I think there are two seperate issues you are tackling here. First, you are dealing with the question that most gay, lesbian and bisexual people deal with at one point or another: Whether or not to come out.
That is a decision that no one can make except you. I can talk a little bit about the potential benefits and drawbacks to coming out, but I can't tell you what the right decision is.
If you decide to come out, you may find that it is not as bad as you think it is. You will stop feeling the need to hide, to pretend to be interested in men when you aren't, and to act like someone you are not. Of course, if you are in a relationship, this is a decision that will affect your partner as well. Many gay and lesbian couples struggle when one partner wants to be out and the other does not. I would normally suggest speaking with a relationship counselor who is open to gay and lesbian couples, but in your situation, that might be hard to find.

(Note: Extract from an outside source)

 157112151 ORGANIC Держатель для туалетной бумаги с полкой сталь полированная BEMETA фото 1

Some couples find that they can compromise by partially coming out. They agree to tell family and close friends on a need-to-know basis without having to disclose to work members or other people who might not be so accepting.
You are probably already aware of many of the drawbacks to coming out. Especially in a culture such as yours, you risk things such as personal injury and the loss of friends and family who disapprove of you.

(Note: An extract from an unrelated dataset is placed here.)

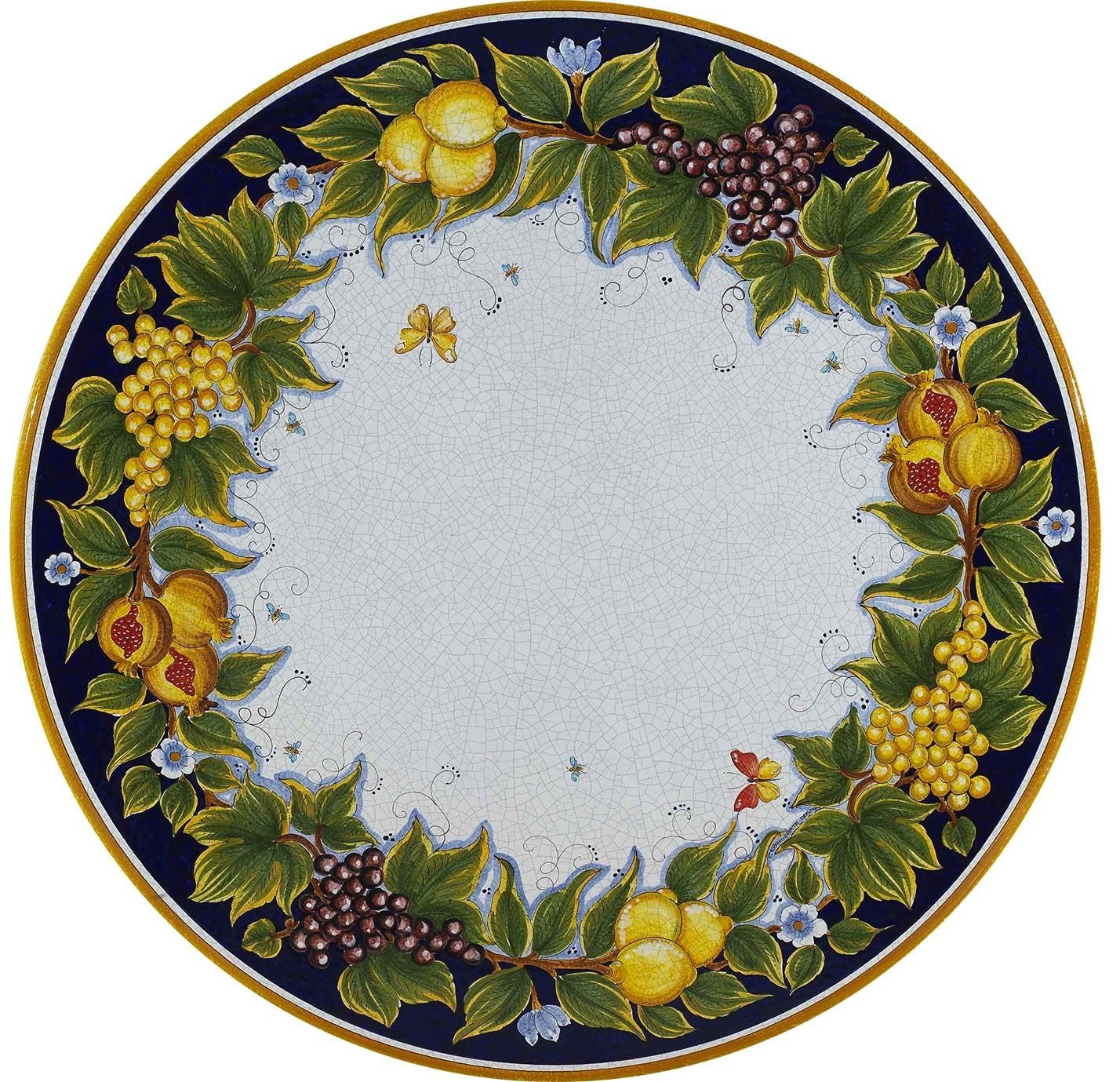 CERAMIC STONE TABLE + IRON BASE: PESCARA Design - Hand Painted in Deruta, Italy. - Artistica.com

As I said... it's a very difficult decision, and one only you (and your girlfriend) can make. Perhaps you can make it a little bit at a time. Instead of deciding to be out to everyone, think of someone you think would be accepting. Think about whether you could tell that one single person. If you decide you can, see how it goes. Then decide whether you want to keep doing it.
There is a second issue here that I think is seperate from your decision to come out. That is, you seem to be worried about your girlfriend's sexual identity. It sounds like she is not as invested in a lesbian identity as you are, and that sounds like it scares you. It could be that she is bisexual, or it might be that she feels like she is mostly heterosexual and happens to be in love with you, another woman. These things do happen sometimes.
I think you should think about the following questions:
1. Does it matter to you if your girlfriend is not a lesbian? Why? If she decides to stay with you, how do her other attractions play into that situation?
2. Do you have a secure relationship? It sounds like you're afraid she will leave you. That is an issue that both heterosexual and same-sex couples have to face at times. It's never easy, but it is one of the things that comes with having a romantic partner.
3. When you come to some conclusions about 1 and 2, you need to decide (preferably with your partner, but alone if you must) what you would like to do about it. Do either of those factors warrant breaking up? Do you want to seek outside help from a counselor?
I wish I could give you an easier answer for this, but the bottom line is, a lot of these things are your choice. The only thing I can tell you is that your fears are, in my experience, very normal. You are certainly justified in having them, and I hope my thoughts on the matter helps you to find some answers in yourself.